A situação de perplexidade que vive a classe média brasileira é muito semelhante a do personagem da historinha. Ao verificar a degradação nos últimos anos dos serviços de responsabilidade do Estado, ela passou a fugir deles de modo desesperado e, consciente ou não, o fez explodindo as pontes que ficavam para trás.
Mesmo atendo-se apenas aos principais papéis do Estado segundo o conceito do mais paralelepípedico neoliberal,quais sejam a Saúde, a Segurança e a Educação, esta reflexão resulta da percepção de que a classe média está constrangida a voltar e não tem para onde.
A saída encontrada por ela para a degradação do papel do Estado na últimas décadas foi (parafraseando Marisa Monte)...para a Saúde... Golden Cross; para a Segurança...Condomínio Fechado e Shopping Centers; para a Educação... Escola Particular. Talvez não tenha sido exatamente assim, mas deve estar bem próximo da verdade.
Ao abandonar a escola pública no final da década de setenta, início de oitenta, fugindo da penúria de recursos a que a ela eram destinados e das greves de professores e funcionários (movimentos, aliás, cujo mérito nunca contestava ou apoiava, resguardando-se a criticar seus efeitos nas férias de verão da família), a classe média brasileira permitiu o recrudescimento do processo de destruição da educação sustentada pelo Estado, explodindo, assim, a primeira ponte.

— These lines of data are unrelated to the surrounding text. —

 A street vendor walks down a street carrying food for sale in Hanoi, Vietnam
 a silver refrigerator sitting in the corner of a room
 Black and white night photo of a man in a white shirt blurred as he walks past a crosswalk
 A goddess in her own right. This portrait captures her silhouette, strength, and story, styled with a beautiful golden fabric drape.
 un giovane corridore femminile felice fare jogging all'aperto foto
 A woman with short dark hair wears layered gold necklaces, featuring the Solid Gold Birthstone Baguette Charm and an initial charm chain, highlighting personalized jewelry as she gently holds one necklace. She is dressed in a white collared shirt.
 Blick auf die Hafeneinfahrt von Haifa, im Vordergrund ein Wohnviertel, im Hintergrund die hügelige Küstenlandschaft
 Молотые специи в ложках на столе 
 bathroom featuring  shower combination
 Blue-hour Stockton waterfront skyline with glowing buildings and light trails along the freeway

A segunda ponte destruída foi a da Segurança Pública. Imaginando que ao isolar-se das calçadas, das praças e do comércio de rua, estaria segura, ela contratou empresas de vigilância, instalou alarmes sofisticados e passou a fazer compras em centros comerciais. Esqueceu-se, que amargura...,de que se tornou dependente do automóvel e que pode ser roubada e seqüestrada dentro dele; não previu que os Shopping Centers cobrariam pelo estacionamento e que poderiam explodir, que tragédia..., por negligência ou má fé de construtores e proprietários, e nunca imaginou, supremo horror..., que os guarda-costas poderiam transformar-se em seus chantagistas “de confiança”.
Por último, mas tão importante quanto as outras pontes, foi-se pelos ares com a ajuda da classe média a estrutura da Saúde Pública: ao optar pelo pagamento de planos privados, omitiu-se da luta social pela saúde, condenando-a, perdoe-se o trocadilho silábico, ao último SUSpiro.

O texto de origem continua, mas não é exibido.